Shipped through v0.2.0 (on PyPI + GHCR):

M Deliverable State
M1 Scaffold (src-layout, pyproject/Hatch, Typer root, logging) ✅ done
M2 Small-variant port (behaviour-preserving, testable) ✅ done
M3 Tests + provenance (unit + integration, build guard) ✅ done
M4 Fusion rewrite (Python 3, breakpoint-TSV input) ✅ done
M4.5 BAM consensus (modes C/D) + insertion flagging ✅ done (0.2.0)
M5 MkDocs (Material + mkdocstrings, versioned via mike) ✅ done
M6 Release (PyPI via OIDC; GHCR image) ✅ done (0.1.0, 0.2.0)

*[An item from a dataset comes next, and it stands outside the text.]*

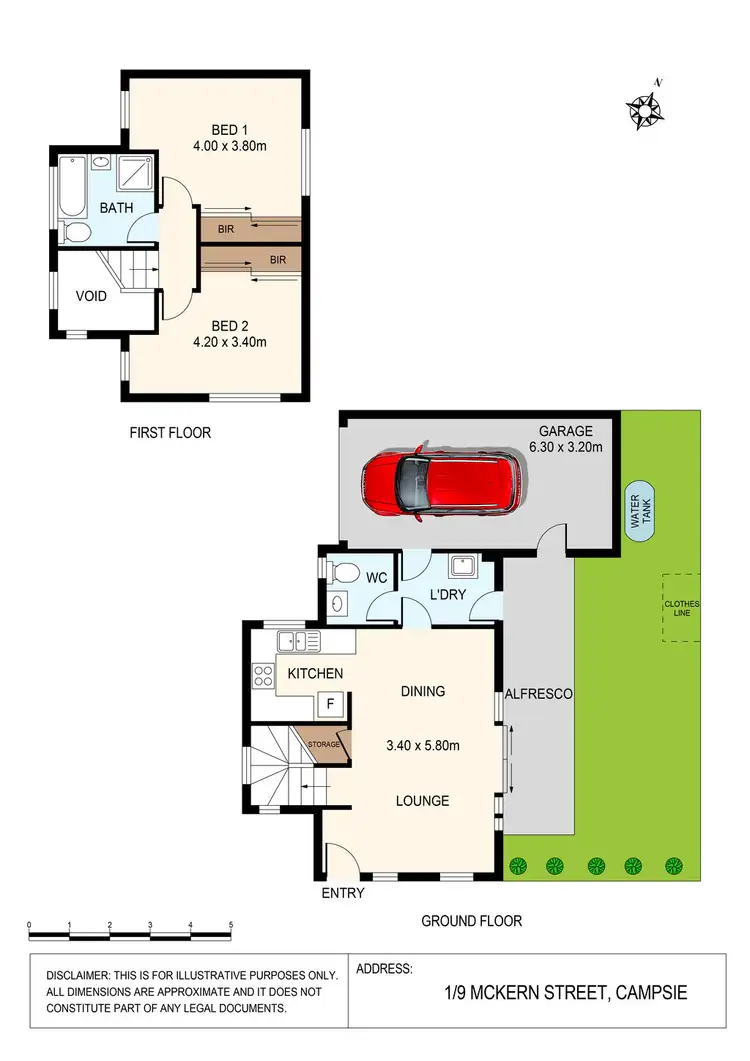 Floorplan of Homely townhouse listing, 1/9 Mckern Street, Campsie NSW 2194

Next, in priority order (each has a design note in research/):

Next Deliverable Design note
M4.5-emit --emit olivar,primer3 designer-native output formats emit-formats.md
M-vcf VCF input — small-variant VCF ✅ done; Delly CT/BND SV VCF next sv-vcf-input.md
M-indel Indel-aware (length-changing) consensus — option 3 indel-aware-consensus.md
M7 Nextflow / nf-core pipeline (containerised)
M-rust Port the proven hot kernels to Rust (optional)

Top risks

  1. Reference build mismatch → silent wrong sequence — guarded in reference.py.
  2. pysam wheel fragility — CI matrix Linux+macOS; document WSL/conda.
  3. Indel coordinate edge cases — insertion flagging shipped; length-changing consensus is deferred to M-indel with its own test matrix.
  4. Olivar input-schema drift — pin a version and assert columns in the emitter (M4.5-emit); the dependency itself stays out-of-process (GPL isolation).